同じ冬空を見上げて





突然、色々な重圧から一気に解放された気分だった。
以前に出来たこと、利用していたことは使えなくなったが、代わりに自由が手に入ったのは喜びと同時に戸惑いも大きかった。常に人の目を意識していたのが、むしろ人目を避けなければならなくなったというのは、随分と大きな変化だろう。

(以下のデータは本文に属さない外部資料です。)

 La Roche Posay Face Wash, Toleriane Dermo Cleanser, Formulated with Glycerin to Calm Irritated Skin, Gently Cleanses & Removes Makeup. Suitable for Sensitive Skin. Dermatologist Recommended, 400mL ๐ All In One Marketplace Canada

そして一番危惧していた体質の変化は、意外な場面で不便だと気付かされた。
「く……!」
カイ――表向きはSIN(シン)と名乗っている――は、向けられた刃を後ろに飛び退いて避けた。次いで振り下ろされる金属棒を横に避け、飛び込んできた相手の顔面をカウンターで殴り付ける。骨が軋む嫌な音とともに、男がくぐもった悲鳴をあげた。
少し痛んだ拳を引き戻し、カイは具合をみるように数度拳を握り直す。
(痛覚が鈍い……)
人間の時との微妙な差異に、カイは戸惑っていた。
ギアになって生まれ変わったのだから、勝手が変わるだろうことはもちろん覚悟していたのだが、意外にも普通の生活においてさほど顕著な違いが見られなかった。

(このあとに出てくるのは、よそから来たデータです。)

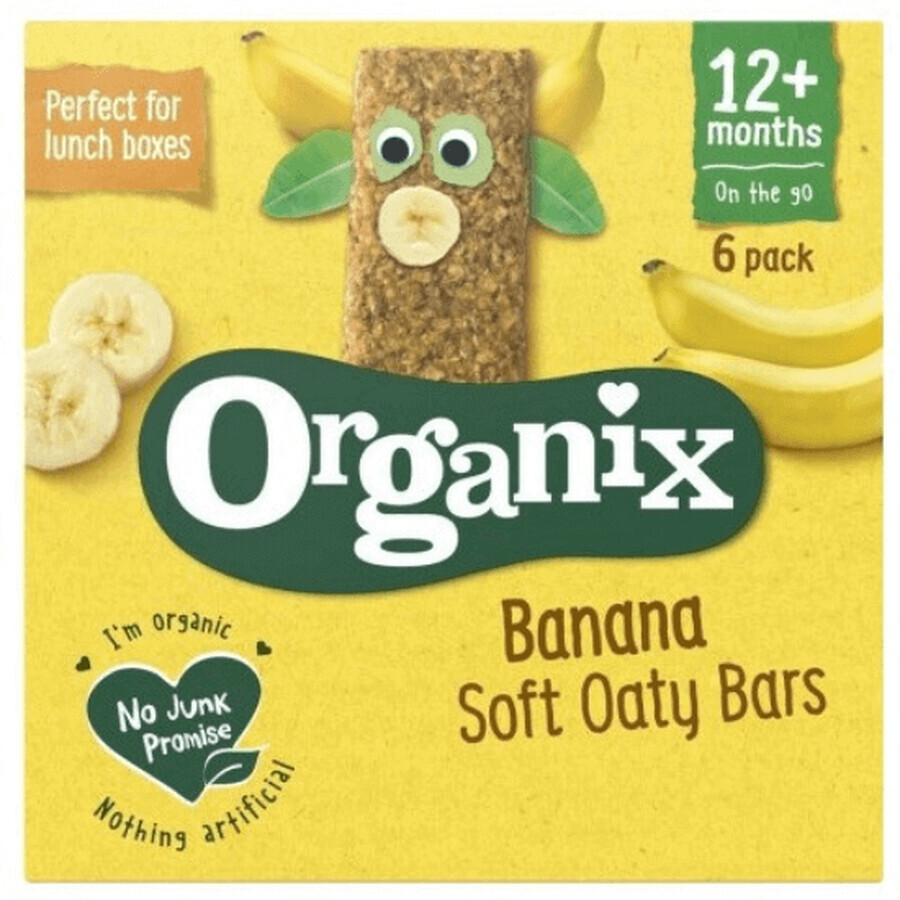 Barrette di cereali biologici con avena integrale e banane Goodies, +12 mesi, 6x 30gr, Organix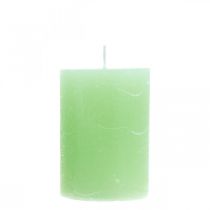 Product Pillar candles dyed lime green​​​​​​​ 70×100mm 4 pcs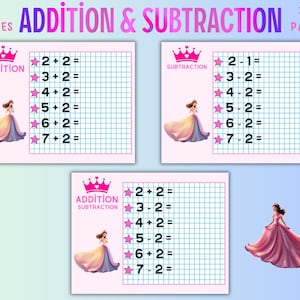 Printable Addition and Subtraction Worksheets for Kids | Educational Math Activities for Homeschool, Classroom,and Practice|Instant Download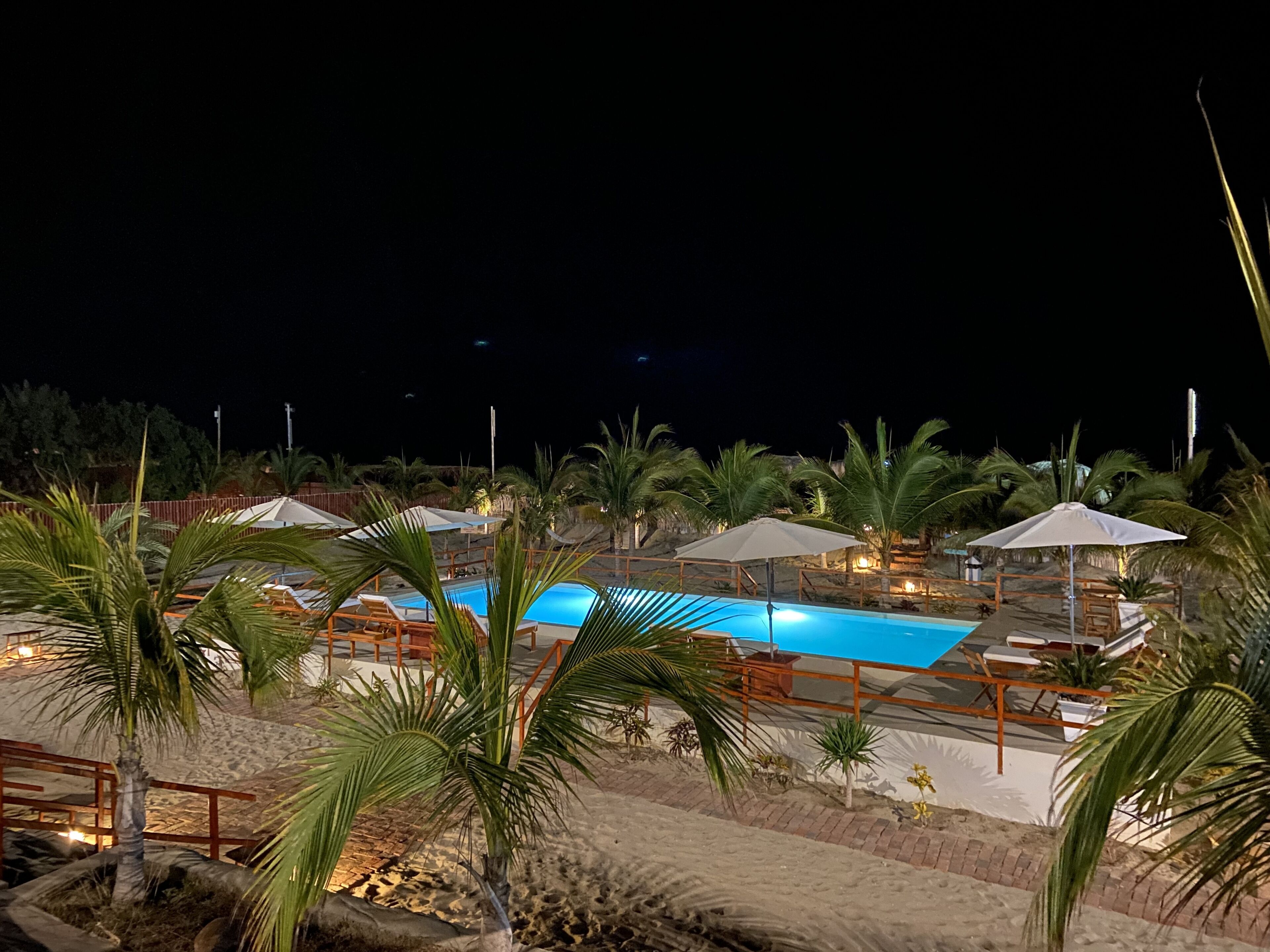 A nighttime view of a resort with a swimming pool, palm trees, and beach chairs.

それだけに、ギアの体での戦闘を行って初めて、今更ながらまざまざと違いを突き付けられた気分だった。賞金首の盗賊集団と対峙している今、ギアが如何に戦闘に特化した生物なのかを思い知らされる。
とにかく、痛覚が全体的に鈍いのだ。理由を推測するならば、生命の危機を知らせるための痛覚が、頑丈な肉体を持つギアには不要だったからということだろう。

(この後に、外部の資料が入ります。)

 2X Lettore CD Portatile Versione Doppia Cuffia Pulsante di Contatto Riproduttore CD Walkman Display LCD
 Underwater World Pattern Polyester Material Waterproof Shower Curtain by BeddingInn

しかしただの殺戮兵器になるわけにはいかないカイにとっては、厄介な感覚だった。自身の痛覚が鈍ると、周りも同じだと錯覚して、傷付けることをいとわなくなる。今思うと、ソルが粗野で乱暴なのは、性格のせいだけではなかったのかもしれない。
「おい!」
流れるような動きで賊を捌いていたカイに、不意にソルの怒鳴り声が叩き付けられた。ハッと、深く沈んでいた思考を浮上させるが、既に殺気の塊が眼前まで迫っていた。
「――ッ」
瞬間、ゴキッと嫌な音が響く。そして鮮血が散った。
視界の外で映らないが、ソルがカイの側頭部を庇うように腕を突き出しているのが見えた。恐らく、眼帯で右側が見えていないカイに向けられた攻撃を、ソルが自分の腕を犠牲に防いだのだろう。
耳元で響いた音から、刃が骨まで到達してしまったのが分かる。
「……ッ!」
カイは半歩下がり、体の向きを変えた。死角から狙った賊を視界に入れると、カイはナイフののように硬質化させた稲妻を発生させ、心臓目掛けて投げ放つ。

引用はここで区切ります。